Decline in China’s forex reserves
China’s foreign exchange reserves shrank to US$3.214 trillion at the end of June, down 7.8 billion dollars from a month earlier, official data showed yesterday.
The amount fell by 0.24 percent from the end of May, according to the State Administration of Foreign Exchange.
In June, the forex market maintained stable operations with rational transactions, said SAFE spokesperson Wang Chunying.
The spokesperson attributed the decline in forex reserves to the combined effects of currency translation and changes in asset prices.
Affected by factors such as the COVID-19 pandemic, the development of COVID-19 vaccines and expectations of major countries' fiscal and monetary policies, the dollar index saw an increase, while prices of financial assets in major countries rose last month, Wang said.

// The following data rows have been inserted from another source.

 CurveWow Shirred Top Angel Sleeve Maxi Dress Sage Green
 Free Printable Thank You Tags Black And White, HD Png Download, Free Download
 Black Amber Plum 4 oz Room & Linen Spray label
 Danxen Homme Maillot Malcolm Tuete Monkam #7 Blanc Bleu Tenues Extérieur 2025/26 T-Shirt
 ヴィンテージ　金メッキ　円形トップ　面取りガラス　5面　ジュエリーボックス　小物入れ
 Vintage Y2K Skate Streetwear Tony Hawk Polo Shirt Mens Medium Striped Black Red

Although there are still uncertainties in the global economic and financial situation due to virus-induced risks overseas, China's economy has sustained a stable recovery, which will help maintain the basic stability of the forex reserves, Wang noted.

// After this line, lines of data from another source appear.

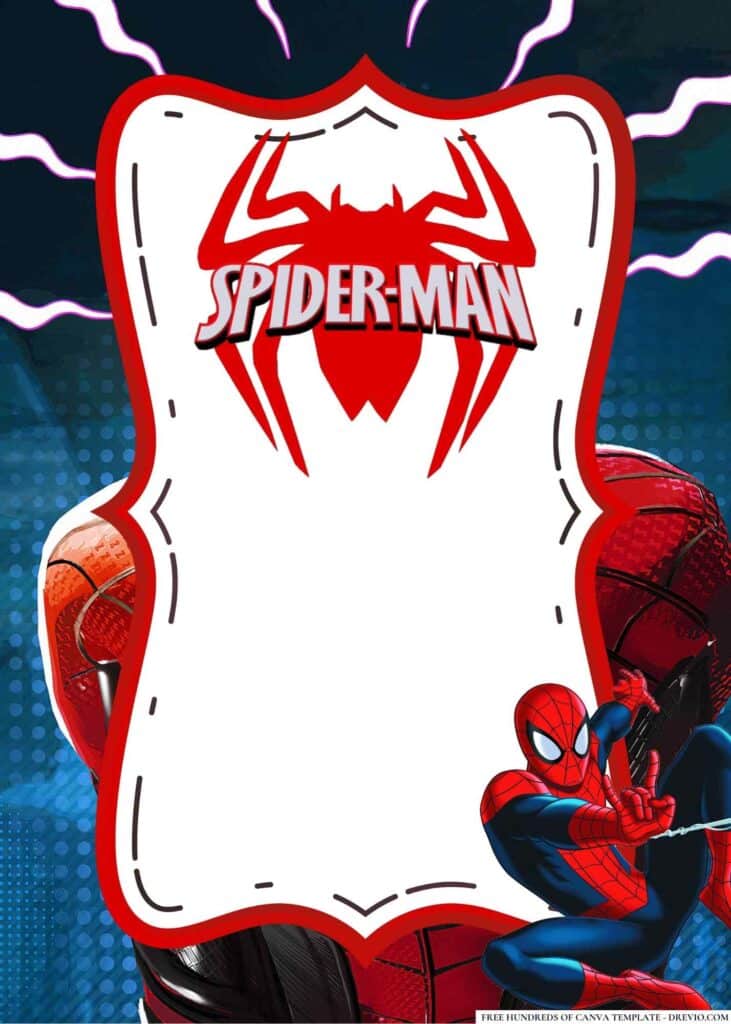 FREE Spiderman Birthday Canva Templates 6 1
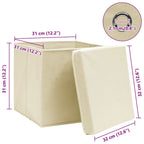 vidaXL Aufbewahrungsboxen mit Deckel 10 Stk. Creme 32x32x32 cm Stoff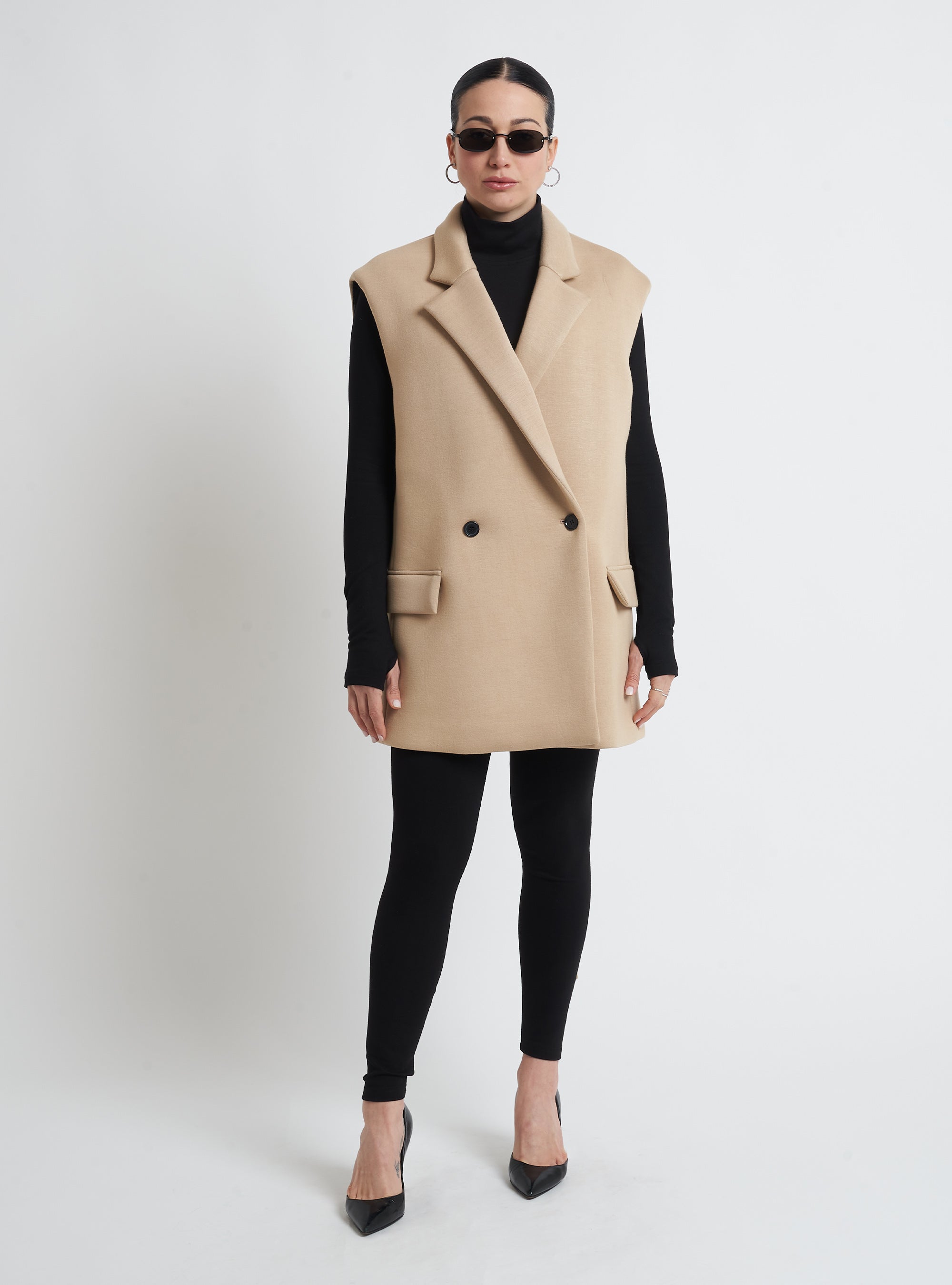 Oversized double-breasted waistcoat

Meanwhile, China will increase financial support for the real economy, especially for micro, small and medium-size enterprises, a State Council executive meeting chaired by Premier Li Keqiang decided yesterday.
To that end, the country will adopt monetary tools such as cuts in the reserve requirement ratio for banks at an appropriate time.
Such measures are expected to mitigate the impact of commodity price hikes on the operation of companies, and the country will refrain from a mass stimulus and maintain the stability of its monetary policy.